• Problem description: Going from the top of the listing below to the line that holds "Registering an account", reproduce each line exactly; no pictures.

• Data to process:

+++++

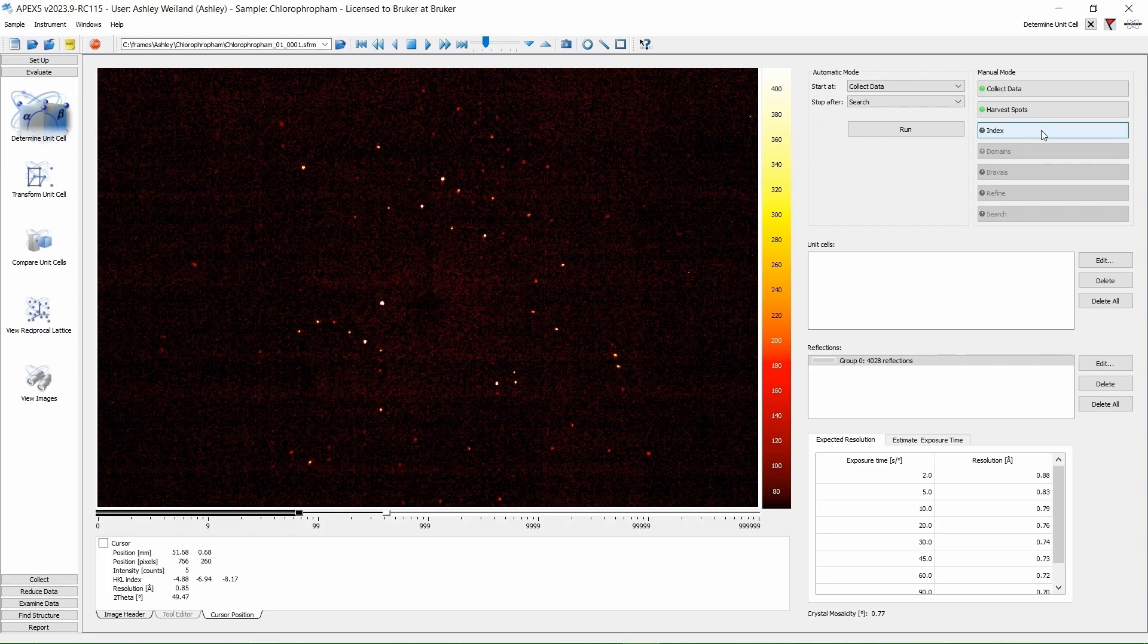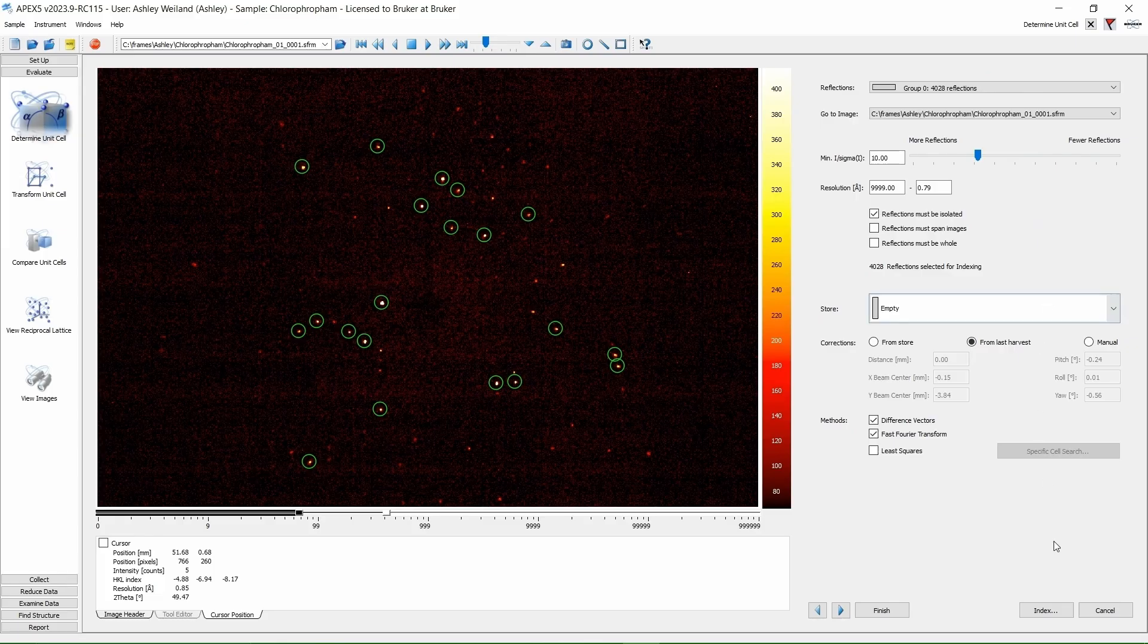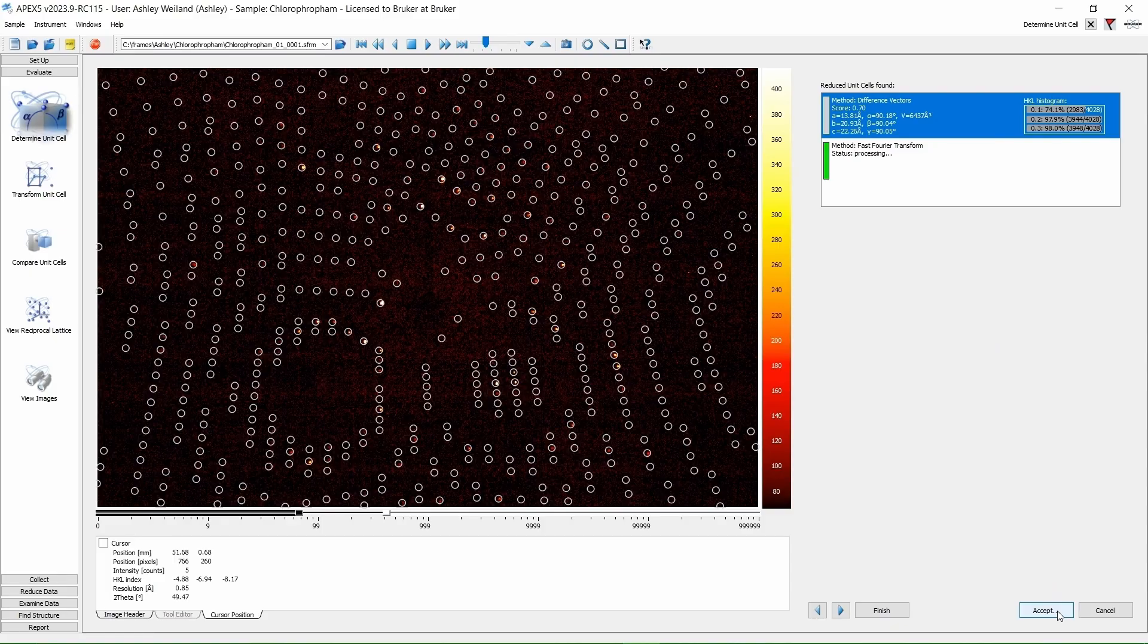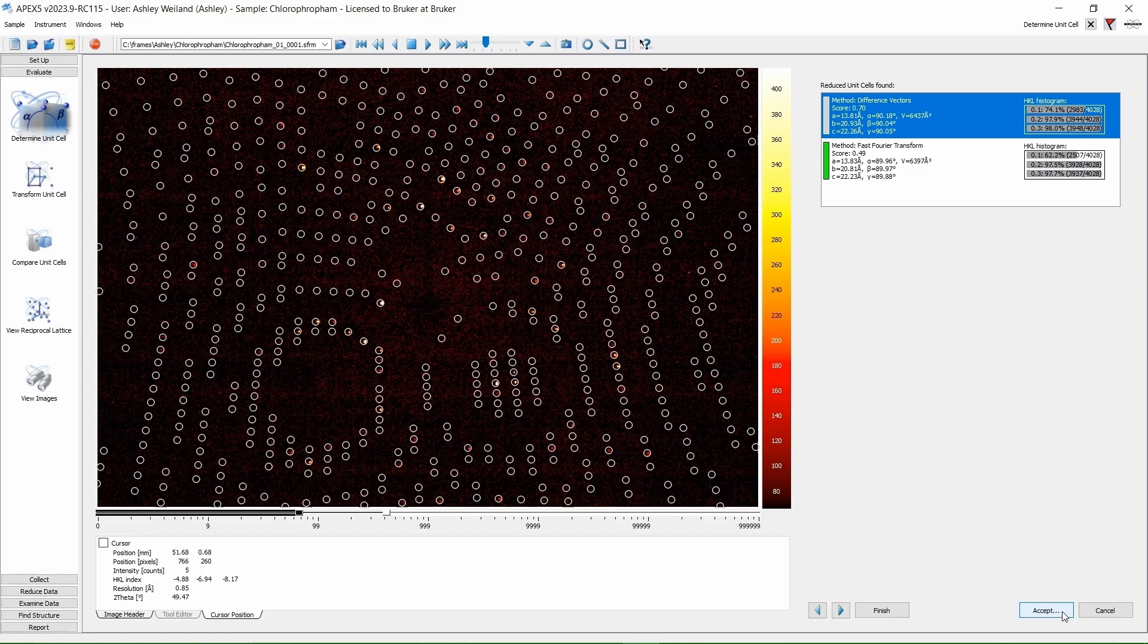Next, click Index. And at the bottom of the screen, click Index again. This will try to find a relationship, a periodic pattern, between these reflections. Two different mathematical methods come up with similar results. This is a good sign. We are going to choose the method with the higher score value. It is automatically highlighted and selected for us. Click Accept.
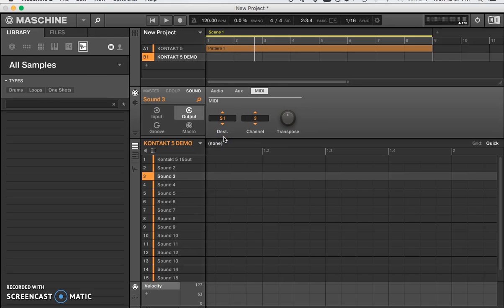And there you have it. At that point you should have sound coming out of all of your instruments. Do the same thing until you reach 16 channels — and that is how to use Kontakt 5 multi-timbral in Machine.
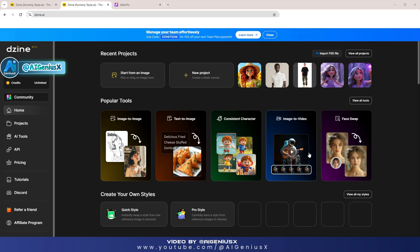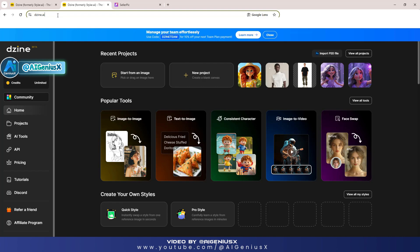Registering an account on ZineAI is very simple — you can register by linking your personal Google or Gmail account. I will leave the website link in the YouTube video description. Please register to try ZineAI or use other promotional codes that I provide. You won't regret choosing ZineAI; it's a great choice.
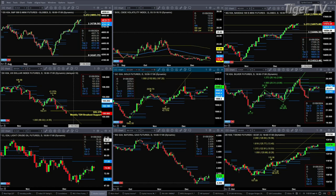That's bullish for the S&P. If we take a look at the NQ, the NQ negated its TD 9-count top yesterday. It closed above the top of its daily profile at 16,992, suggesting a move towards 17,699 — the 1.618 expansion level of its last set of swing points.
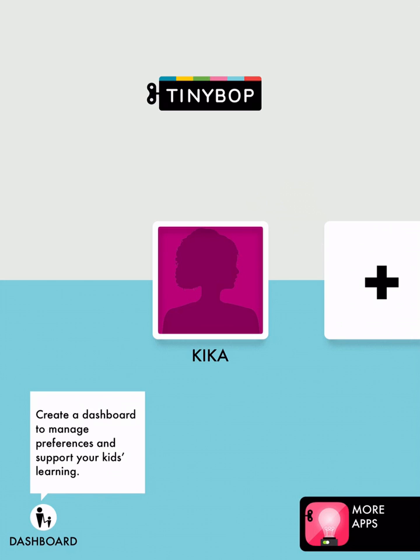So, there you have it. Have fun exploring. And if you have any questions, definitely tweet at us at Tinybop or send a question to support at Tinybop dot com. Have fun!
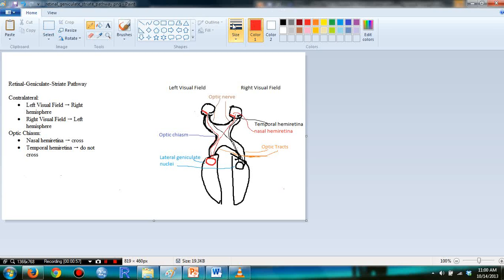So, in the optic chiasm, the nasal hemiretina, which is over here, marked in red in this area, that crosses, so you can see this cross over here.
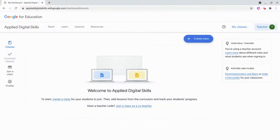Hi, I'm Tom Malini. I'm here today to show you how to connect your Applied Digital Skills to your Google Classroom.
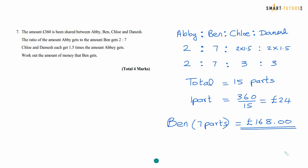Question number 7 involves Abby, Ben, Chloe, and Danish. The ratio of the amount Abby gets to Ben is 2 to 7. Chloe and Danish each get 1.5 times the amount Abby gets — so 1.5 times 2 is 3. The full ratio is 2:7:3:3. Adding all parts: 3 plus 3 is 6, plus 7 is 13, plus 2 is 15 parts total. Total money 360 divided by 15 is 24 pounds. Ben gets 7 parts, so 7 times 24 is 168 pounds.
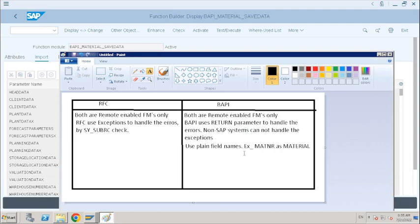They will also ask you the difference between BDC and BAPI. Both can be used for data migration. BDC follows screen processing, but BAPI follows direct table update, so BAPI is faster than BDC. We don't need to record the screen processing when we are using BAPI function modules. When there is a requirement, always first check for BAPI availability. If there is no BAPI available, then only go for BDC programming.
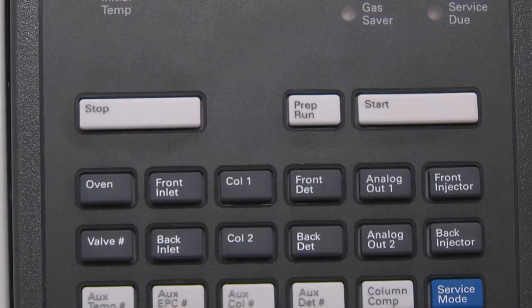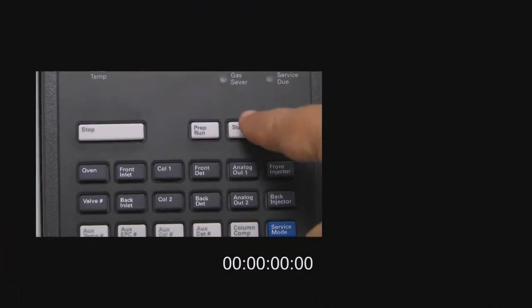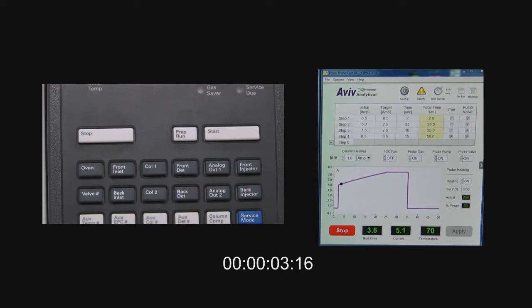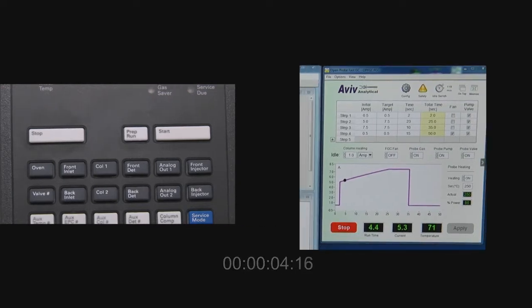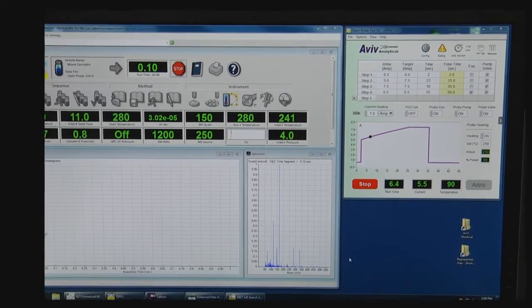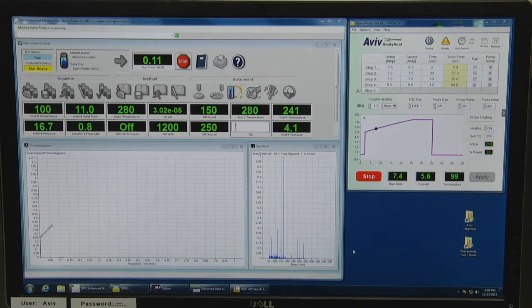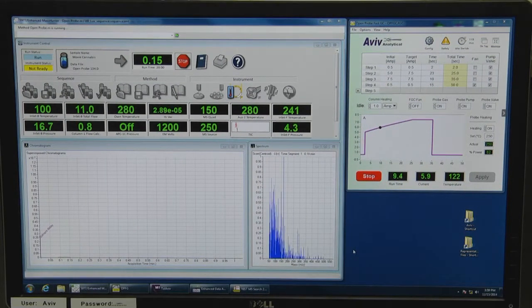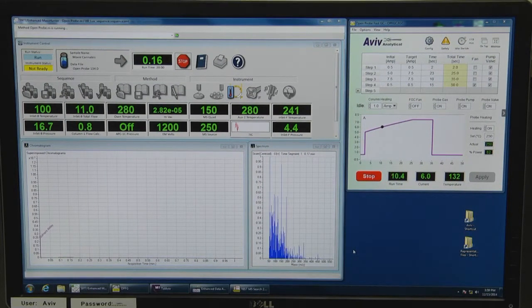We push the start button either on the Agilent GC or the OpenProb, and it starts the MS data collection while at the same time it also starts the FastGC temperature program.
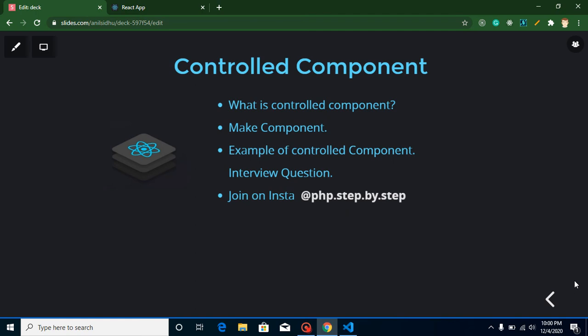Hi everyone, welcome back to my channel. My name is Anil and in this React.js video tutorial we will learn about controlled components. In this video, first we will learn what is a controlled component in a theoretical manner, then we will make a component and convert it to a controlled component. I will also provide the answer to my previous video's question and ask one more question you can attempt in the comments.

+++++

• Answer section:
Next, click Index. And at the bottom of the screen, click Index again. This will try to find a relationship, a periodic pattern, between these reflections. Two different mathematical methods come up with similar results. This is a good sign. We are going to choose the method with the higher score value. It is automatically highlighted and selected for us. Click Accept.
And there you have it. At that point you should have sound coming out of all of your instruments. Do the same thing until you reach 16 channels — and that is how to use Kontakt 5 multi-timbral in Machine.
Registering an account on ZineAI is very simple — you can register by linking your personal Google or Gmail account. I will leave the website link in the YouTube video description. Please register to try ZineAI or use other promotional codes that I provide. You won't regret choosing ZineAI; it's a great choice.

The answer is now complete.